Here’s a fun thing to think about: Has an offense with the quality of skill players that the New York Giants possess ever looked this bad? This is a team that lines up one of the best wide receivers in football, a rookie running back who treats defenders like bad guys in a Kung Fu movie, and a big, fast tight end who is perfectly suited for a modern NFL offense. And yet this team is scoring just 19.5 points per game, and got blown out 34-13 last night. The problem here is Eli Manning.
The degree to which Manning is holding back the rest of the Giants’ offense has become clearer with each passing week, and last night threw his flaws into the harshest light yet. He threw for 281 yards, but a huge chunk of those came on check-downs that left Saquon Barkley to do all the work. He couldn’t complete any passes that traveled more than a few yards down the field, and when his often-bad offensive line actually gave him time to throw, he couldn’t make anything happen…
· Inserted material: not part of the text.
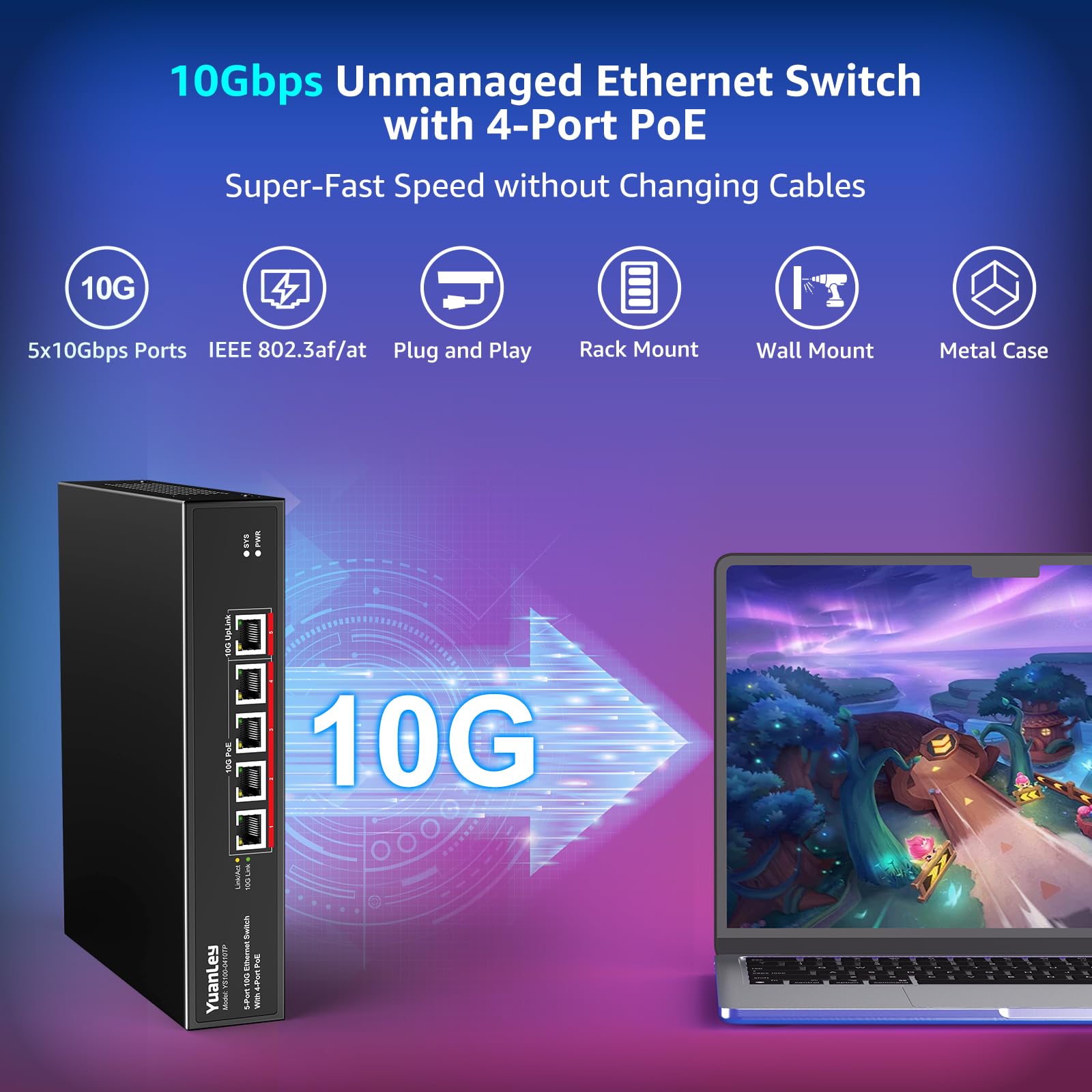 YuanLey 5-Port 10G PoE Switch Unmanaged - 4 x 10G PoE Ports, 1 x 10G Uplink, IEEE 802.3af/at, 65W Power, 1G/2.5G/5G/10G Compatible, Rackmount 10GbE Network Switch for Home Office, Surveillance & High-Speed Networking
The performance was so bad that head coach Pat Shurmur couldn’t hide his exasperation on the sideline. After Manning checked to a screen pass on one play, Fox cameras caught Shurmur throwing his hands up and saying, “Throw the ball!”
All of this happened just a few hours after ESPN published a report detailing how Manning has lost the confidence of his teammates, who see him as a quarterback easily smothered by zone and Cover 2 defenses. Nothing Manning did last night did much to counter that hypothesis.
I mean, sure, the Giants still don’t have much of an offensive line, although it’s improved as the season has gone on. But neither do the Vikings or Chargers or Bengals or Bucs and they have good-to-excellent offenses because their QBs aren’t cooked. Russell Wilson plays behind one of the league’s worst o-lines, the Giants’ #2 wideout would be Seattle’s best skill position player, and his plays are being called by one of Jeff Fisher’s least promising disciples, and his AY/A is still more than a yard better than than Eli’s. To say that Manning would look better if he had a clean pocket on every throw is 1)true and 2)also true of lots of guys who carry clipboards unless the teams top two QBs get hurt. He’s done. And if the Giants don’t find a viable replacement quickly Barkley won’t merely remind you of Barry Sanders, he’ll waste his prime on a team that doesn’t win anything like Sanders.
To turn to QBs who are still extraordinary as they push or pass 40, this tribute to Drew Brees is excellent. And it’s too bad that the most interesting NFL game of the year so far is programmed against Game 2 of the ALCS, but that’s what DVRs are for.